1)通常の光通信のように、基底帯域で一旦、サブ・キャリアで変調してから、光の周波数帯へ再度変調するのではなく、データで、光波を直接変調します。従って、高速なデータ伝送が出来ます。これが、Y00量子暗号の第1の特徴です。
2)BB84量子暗号と違って、time slot当たり大量の光子が伝送されますが、それに伴って、小さいながらも量子雑音が発生します。白色雑音と異なり信号依存性の雑音です。Y00量子暗号は、この量子雑音が、正規受信者には邪魔にならず、盗聴者は、その量子雑音のため、誤った暗号文を受信するので、それらから正しい平文データを復号できないように工夫した方式です。
上に述べた同軸ケーブルの場合は、多値伝送を伝送効率の向上に利用しましたが、Y00量子暗号は、安全性向上にも使います。

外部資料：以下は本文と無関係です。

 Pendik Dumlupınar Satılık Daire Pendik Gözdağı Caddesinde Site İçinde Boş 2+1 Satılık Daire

どうすれば良いでしょうか。盗聴者に対しては、多値伝送、正規の受信者にとっては、2値伝送として如何?上手いことを考えたものだと感心しています。以下に簡単に説明しましょう。
多値数は、比較的大きく、例えば、4096値、つまり、スロット当たり12ビットとします。0と1のデータを送る2値の通信基底を2048個準備します。入力としての0と1のデータ系列はその都度、送受信者間で共有される擬似乱数系列でランダムに選択される2つの通信基底によって送信されます。擬似乱数を知らない盗聴者はスロット毎に4096値の内の一つが送られているように見えます。正規受信者は擬似乱数系列で選択された通信基底で送られてくる信号に対する2値判定閾値を同じ擬似乱数系列でスロット毎に定めます。送りたい平文は、スロット毎に1 または 0 ですので、暗号文を介さず平文が出力されます。スローモーションで受信機をみれば、普通の2値の光通信の2値判定閾値がスロット毎に上下にランダムに行ったり来たりしているように見えます。

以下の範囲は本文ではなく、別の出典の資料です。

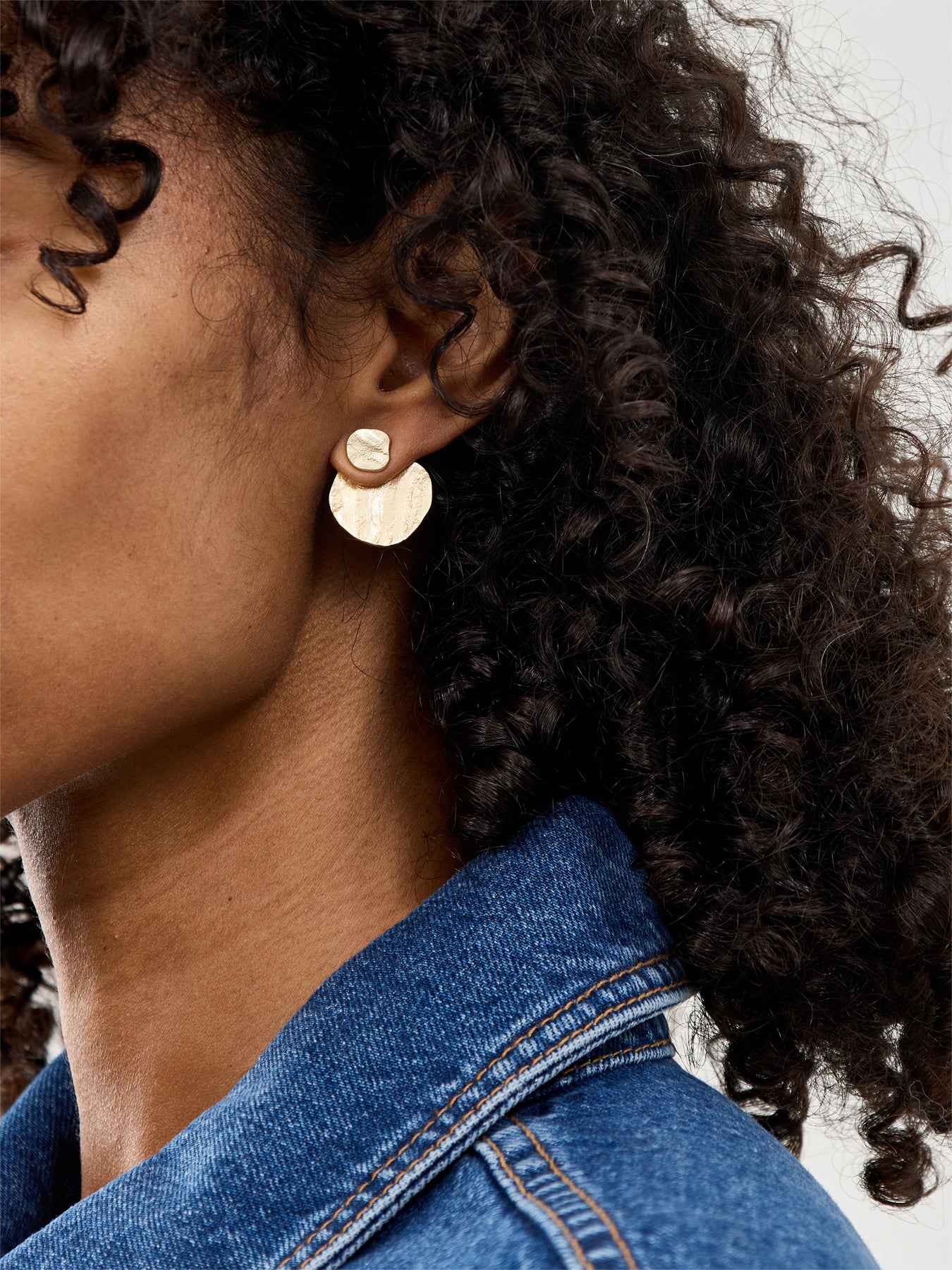 Riva Double Disc Earrings Gold - Image 2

正規受信者の1か0かの判定には、量子雑音効果が全く影響しないように設計されており、エラーなしで復号できます。盗聴者はスロットの閾値を知りませんので、1,0 の判定は出来ず、暗号文である4096値の光信号を識別することになります。その時は量子雑音効果が最大になるように設計されています。その結果、非常に大事なことですが、量子雑音の為、盗聴者は暗号文が正しく入手出来ないことになっていることに注目ください。

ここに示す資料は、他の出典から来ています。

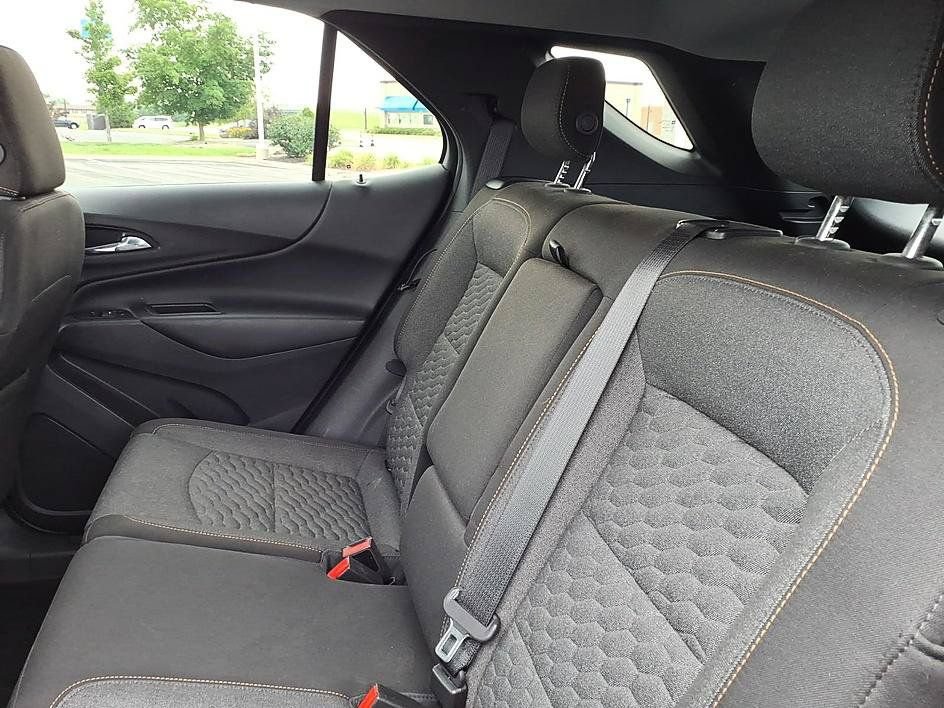Used 2020 Chevrolet Equinox LT AWD/4WD image 19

数理暗号の場合、暗号文を解読できなくても、暗号文を得るだけで、正当でない行為が実行出来る場合があります。例えば、暗号文が、平文に比例するような方式(エルガマル暗号)を使って競争入札するとしましょう。A社が、100万円で入札するという平文を暗号化して送るとします。競争会社Bは、その暗号文を得るだけで、A社が100万円だということを知らなくても、A社の暗号文を1.01倍して入札すれば、1パーセント高い価格で、競争入札に勝つことが出来ます。これは、一つの例ですが、暗号文自体を盗まれないことは、大事なことなのです。
(4)安全な暗号とは ― 大阪城落城に喩えれば
暗号の安全性には、いろいろなレベルがあります。平文が全部解読されて、暗号文が破られたという定義もあり、2048ビットの内、1ビットでも解読されたら、その暗号は破られたとする定義する場合もあります。攻撃のレベルも様々です。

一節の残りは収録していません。